This notebook will help you manage your dataset folder and convert the source `.xml` files to NoteSequence protos for further processing.

**INSTRUCTIONS**

* Put all song `.xml` files in a single folder.
    * Each song must have at least two peforming levels of difficulty.
    * Files must follow the naming convention:
    
    `[Song Name]_[Performance Level]-[Song Segment]-[Hand].xml`
        * Song Name uses only `A-Z`, `a-z` and `0-9`, no spaces or any other characters. This is a unique identifier, so make sure it is unique and it is spelled exactly the same in each file.
        * Performance Level is one of `['_beg', '_int', '_adv']`.
        * Song Segment is a unique string for given a Song Name and a Performance Level. Song Segments must match exactly across the Performance Levels of a song.
        * Hand is one of `['lh', 'rh', 'bh']`.
* `SourceFolderManager` can do the following for you: 
    * Traverse your chosen directory for `.xml` files, and build an index classifying the type of musical compositions which each `.xml` file holds.

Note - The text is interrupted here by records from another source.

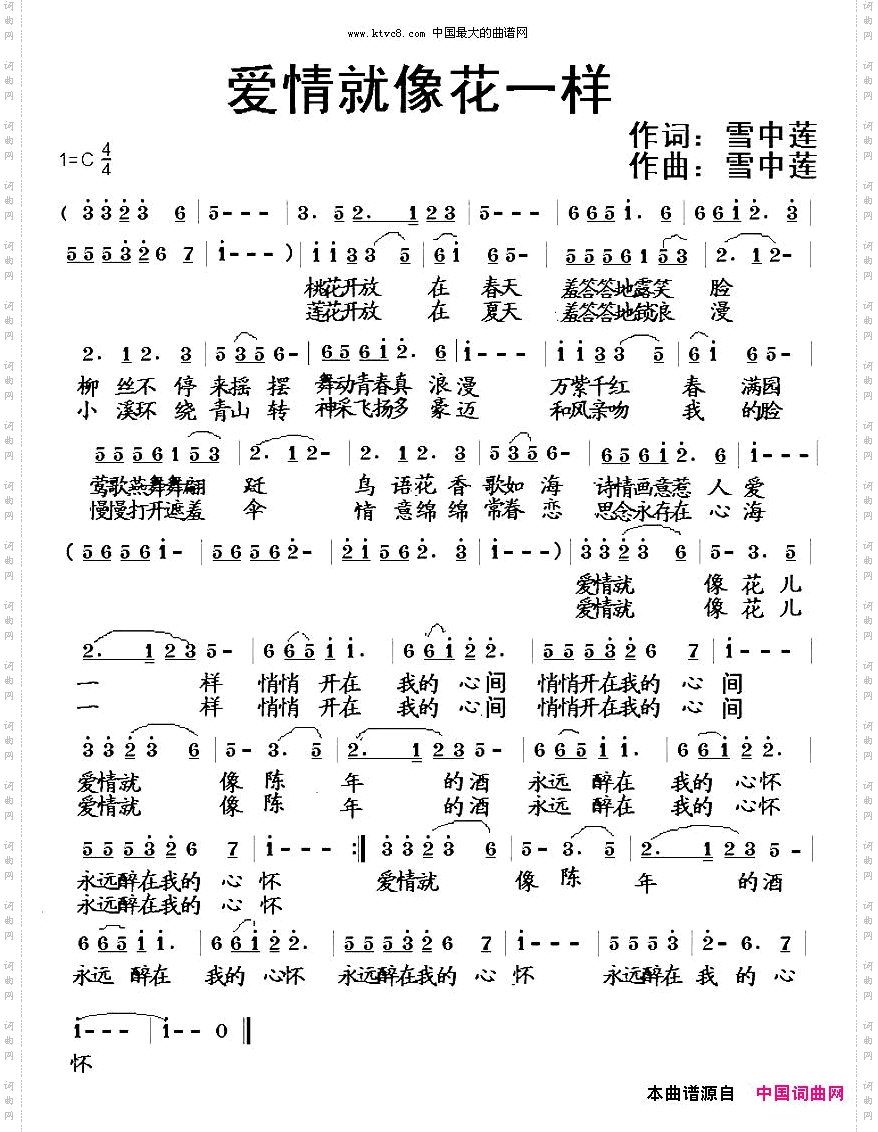 爱情就像花一样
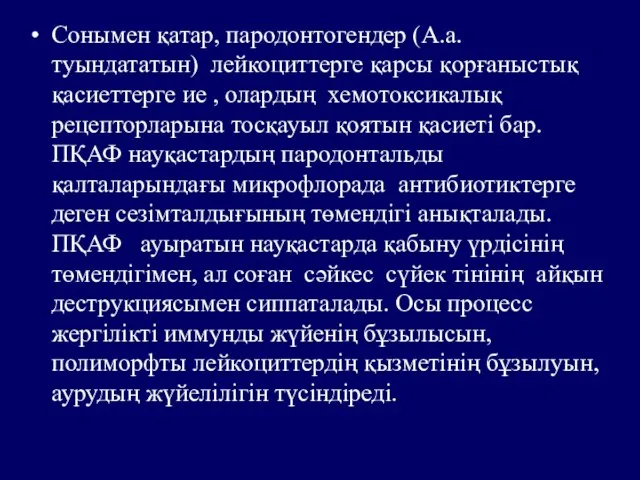 Сонымен қатар, пародонтогендер (А.а. туындататын) лейкоциттерге қарсы қорғаныстық қасиеттерге ие ,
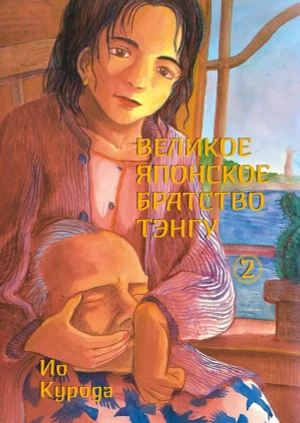 Великое японское братство тэнгу. Том 2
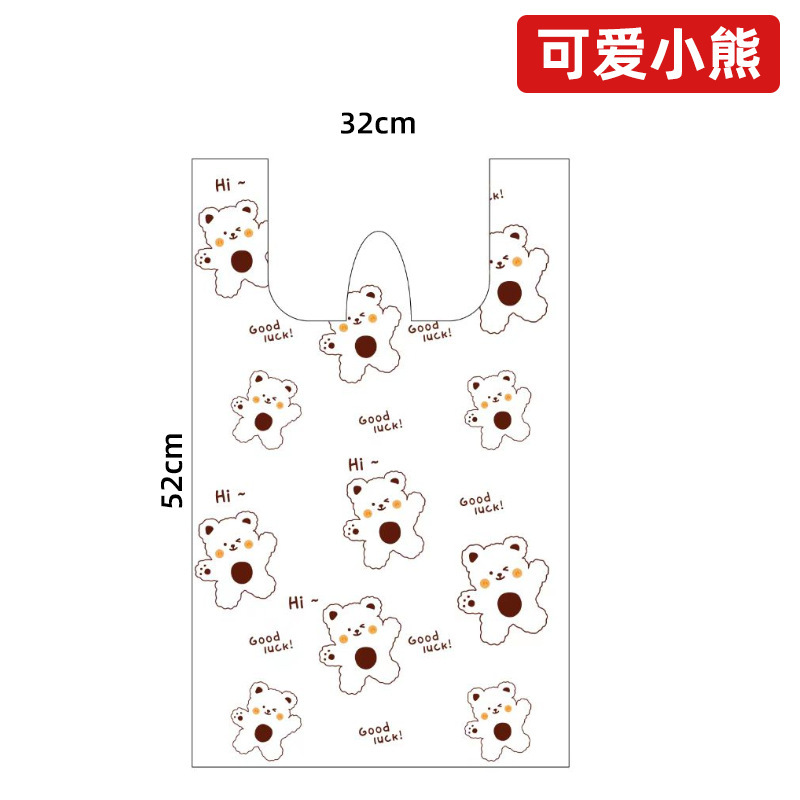 Cute bear plastic bag thickened convenient packing bag cute creative vest bag boutique gift packaging bag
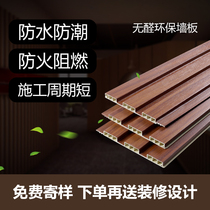159 Great Wall Board Ecological Wood Ceiling Wall Panel Wall Skirt Background Wall Wood Grain Background Wall Balcony Living Room Spot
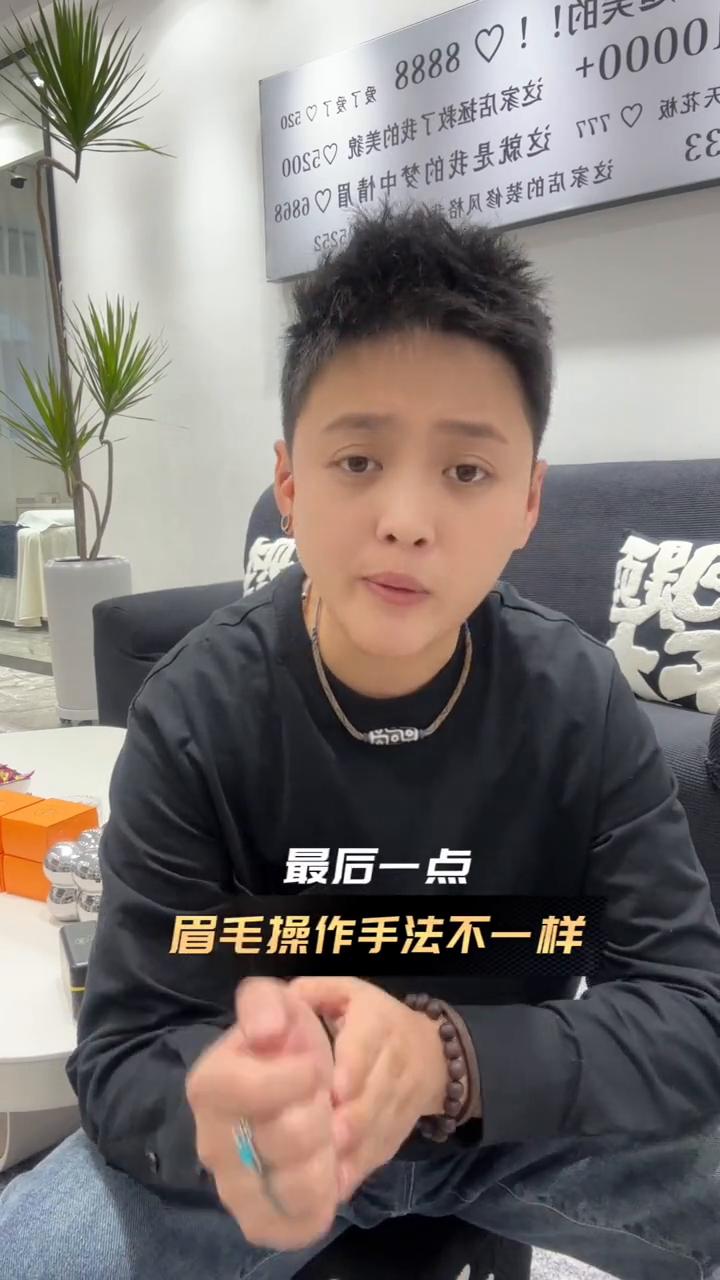 无创洗眉第二天感觉颜色更深了,无创洗眉真的一点都不破坏皮肤吗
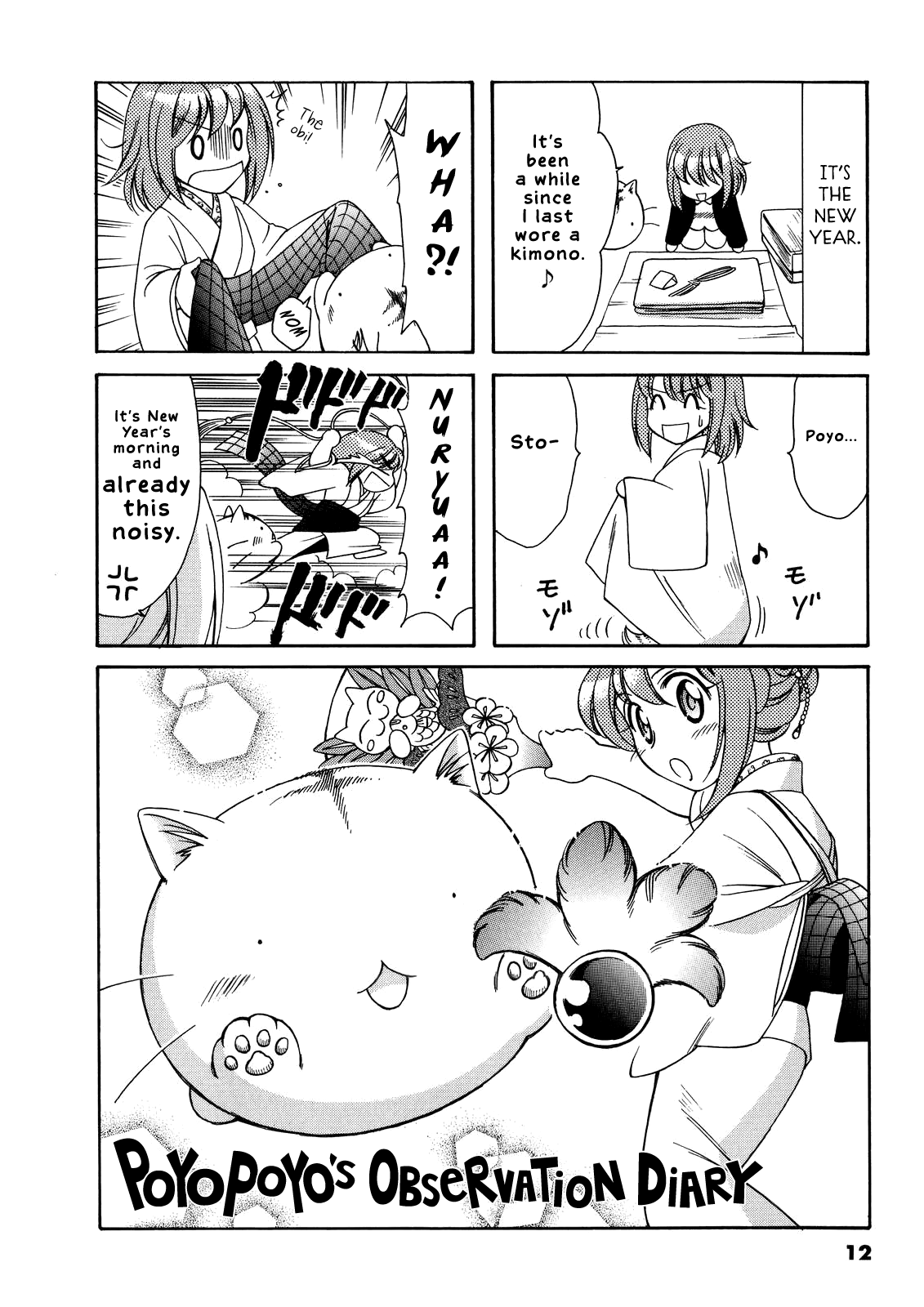 Poyopoyo Kansatsu Nikki chapter 44 - page 1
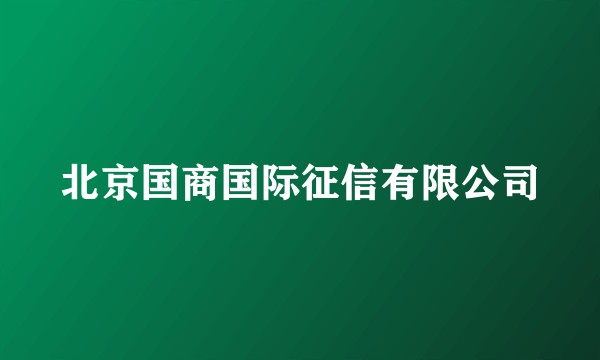 北京国商国际征信有限公司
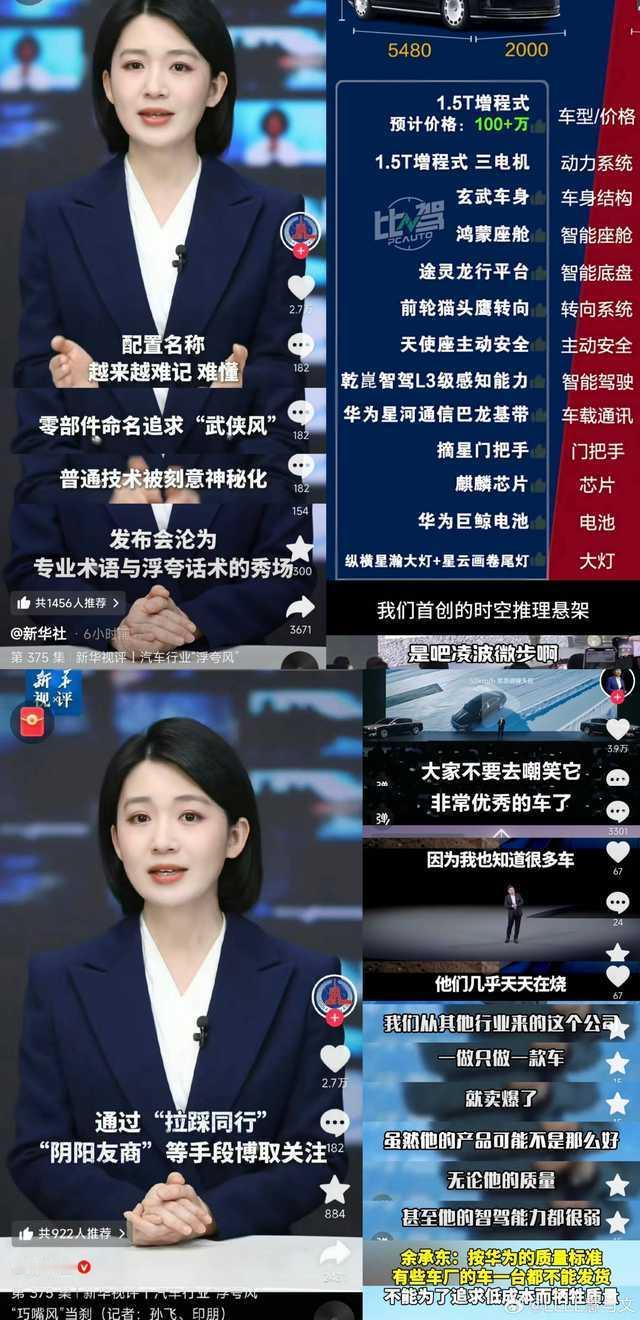 某群看到的，分享一下改名有用还是“武侠风”起名有用啊？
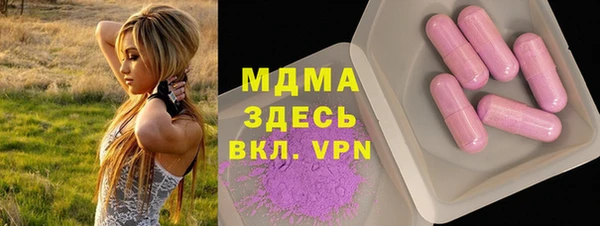 мдпв Аркадак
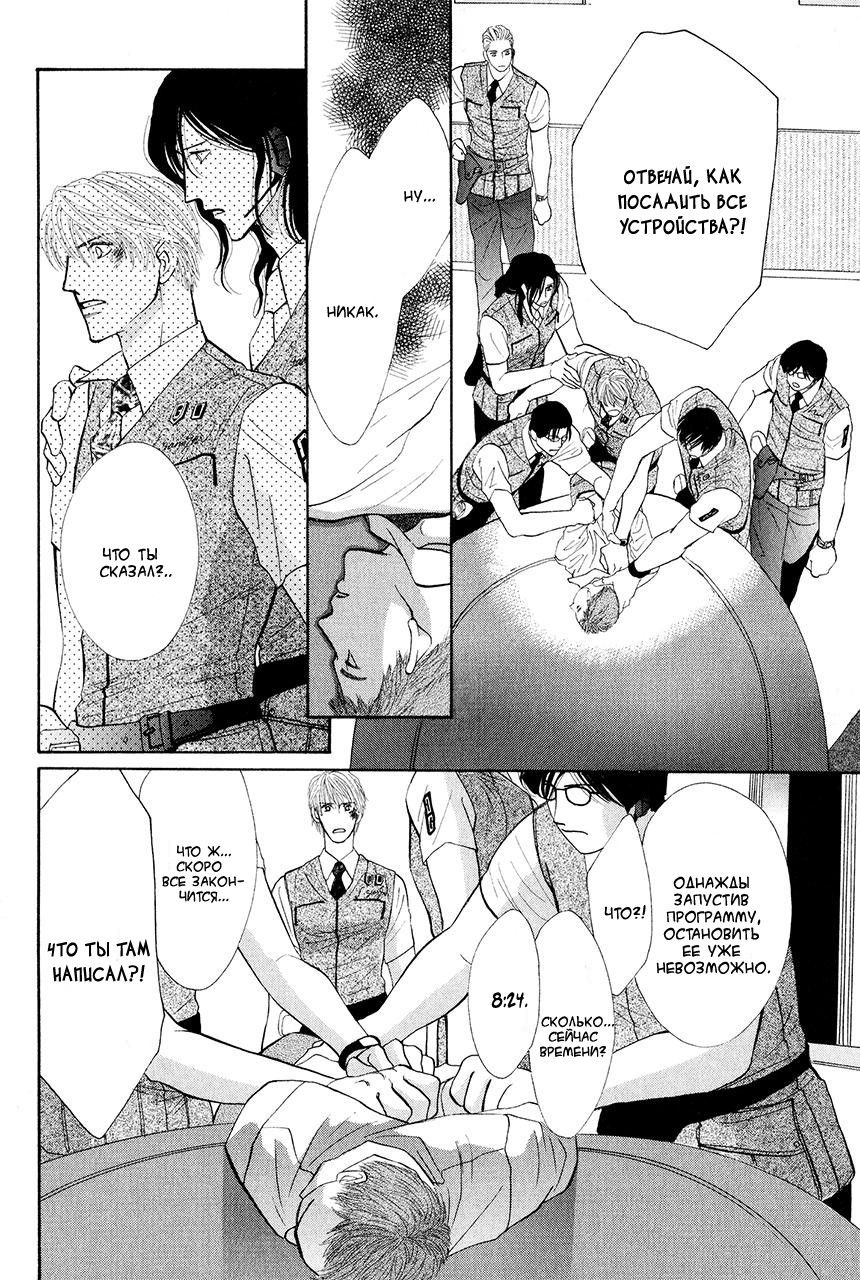 Манга Защитники Гарнизона - Глава 79 Страница 48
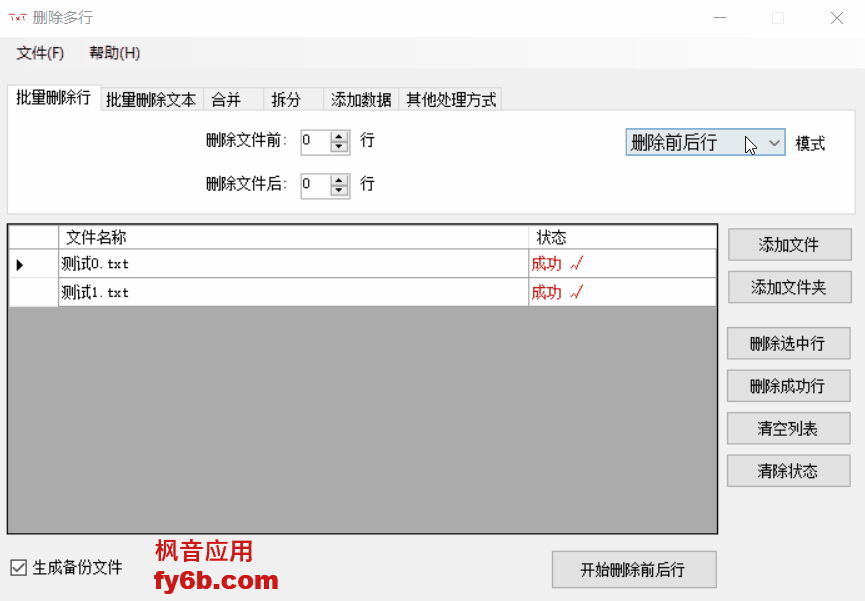 Windows TXT文件批量处理 v1.0 便捷版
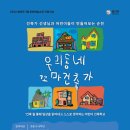 김가네순천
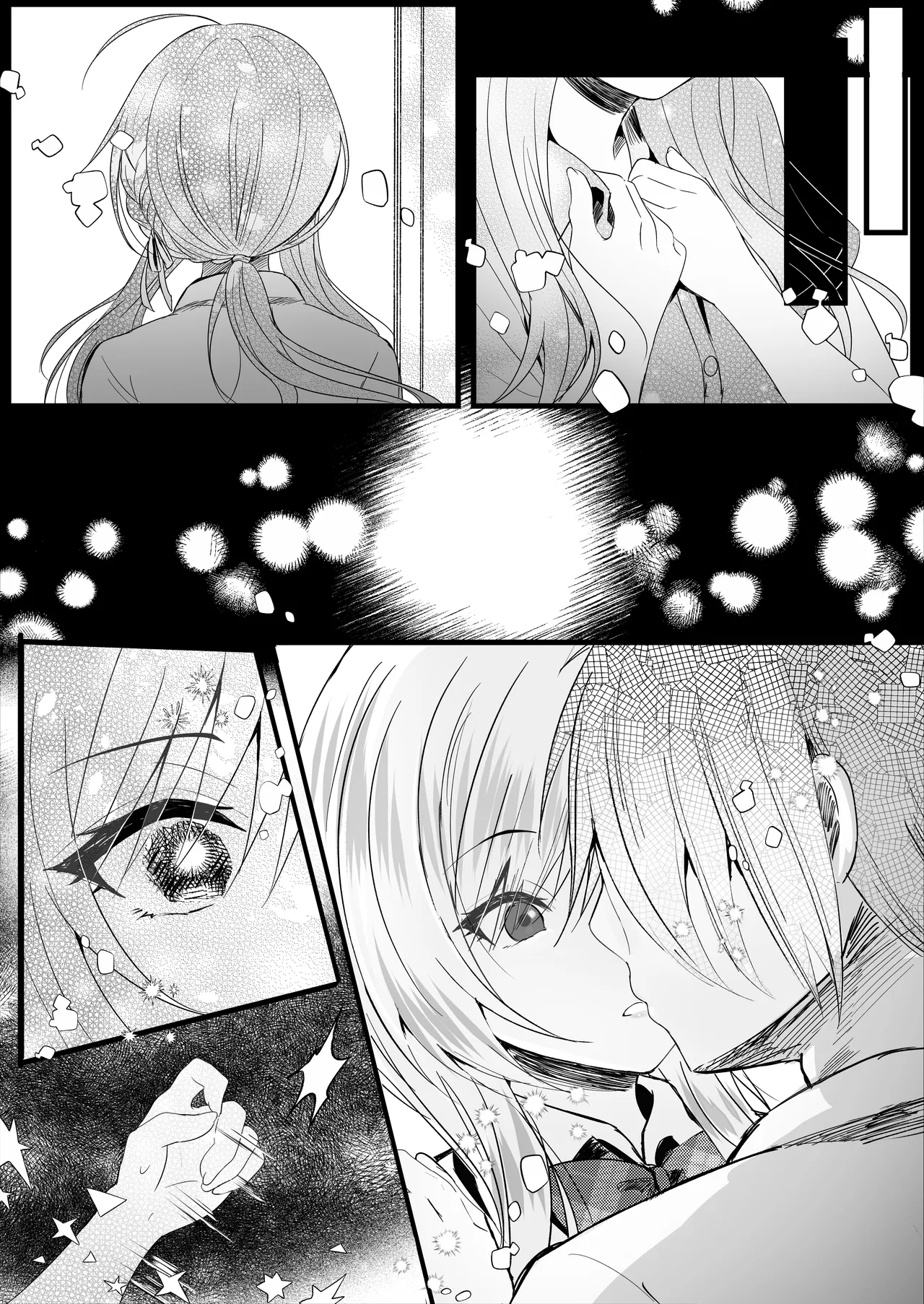 Kono Natsu, Boku wa Kimi o Ubau - Page 72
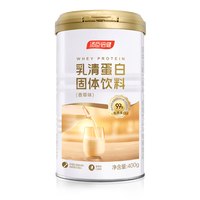 汤臣倍健 乳清蛋白固体饮料 （香草味）400g送摇摇杯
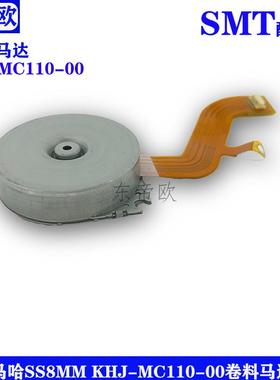 KHJ-MC110-00SS8mm电动飞达马达原装全新贴片机YSM10
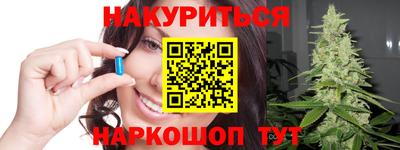 MESCALINE Пугачёв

    * Collate files into `source -> target` pairs according to a set of criteria to your preference. This is done using the previously built index, so if anything changes in the meantime, rebuild the index.
    * Convert the collated pairs (which are stored as `.xml` file paths) to NoteSequence protos, serialize and save them as `.tfrecord` files in a directory of your choice.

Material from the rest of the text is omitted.